Tuesday, October 26, 2004

Words of Encouragement

This morning as I was praying and reading, which let me say has been
really hard to do recently in the light of what has been happening, as
I finished I read Psalm 34 and wow what a Psalm. It talked about those
who as struggling if they keep close to the Lord he will deliver them,
it did not say He would stop what is happening (shame I know) but it
said that His strength would get me through, and that is what i needed
to hear today.

If you have never read it before, I encourage you to do it today, do it
now, we all go through though times and we all wish we did not, but I
know I have a power much stronger than me to help me through, His name
is Jesus.

Hope you too are encouraged by this Psalm!

Fast spin is here!!

Well today is a good day in many ways as we now have the long awaited
washing machine!! I can now create the wet cloths for the tumble
dryer.

I have not been to good at this blogging thing, I keep forgetting.
Well life has been hard recently as I had to make major decisions that
affect all of me not just certain areas, but every area.
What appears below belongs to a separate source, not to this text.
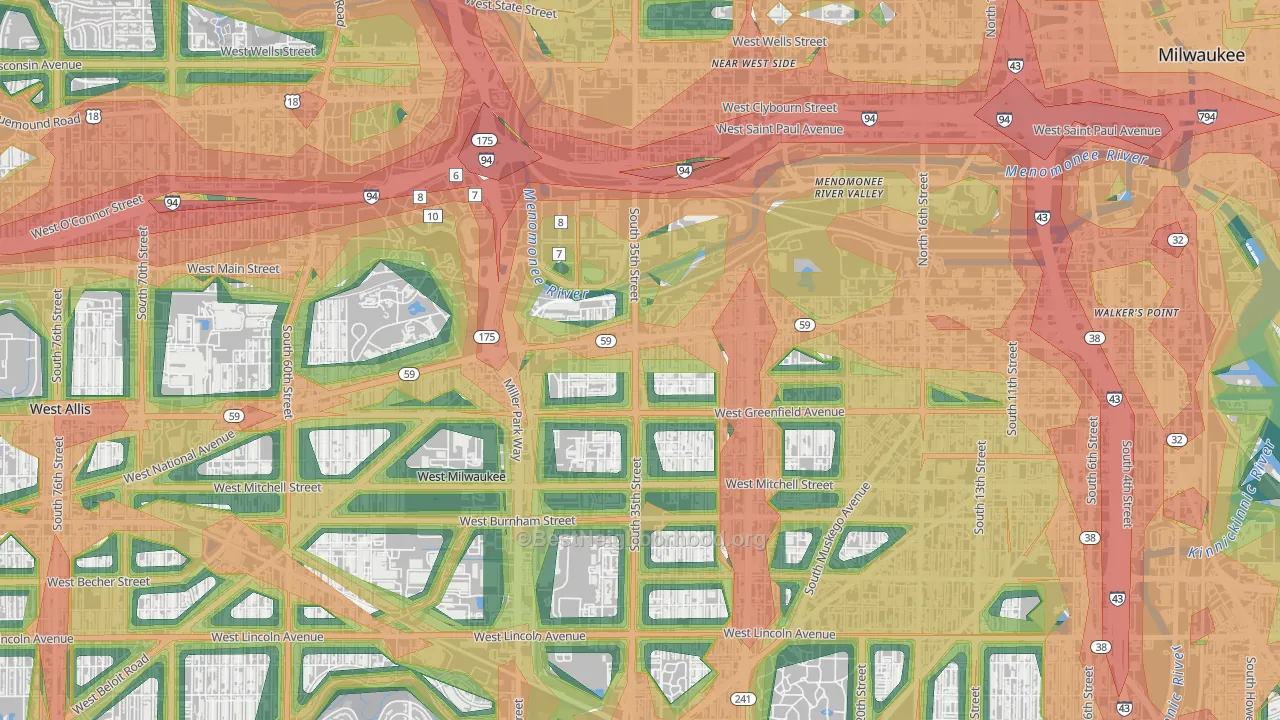 Silver City, Milwaukee, WI Map of Noise Levels in Silver City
It has been
hard and it will get harder but I feel that it is the right thing to
do, that does not make it any easier, if only!

It is funny how when you go through a tough time it makes you evaluate
everything and how it shows so much about yourself, the good and the
bad. I have realised that I am extremely secretive and do not share
how I feel on any other level than a superficial level. I can not bare
the thought of being open and venerable to anyone. I have found out
how high I rate trust in any relationship. I have found out that i
have so much baggage that I must deal with, and that is really hard as
we all like to think that we have it sorted, so when we realise that we
are not as sorted as we thought we were it is crippling.

I am guessing that the next few months may be the hardest of my life so
far as I am going to have to face some of my fears and also put myself
in a very venerable position. Just the thought scares me.

Well I think that I have shared enough already. Speak to you soon.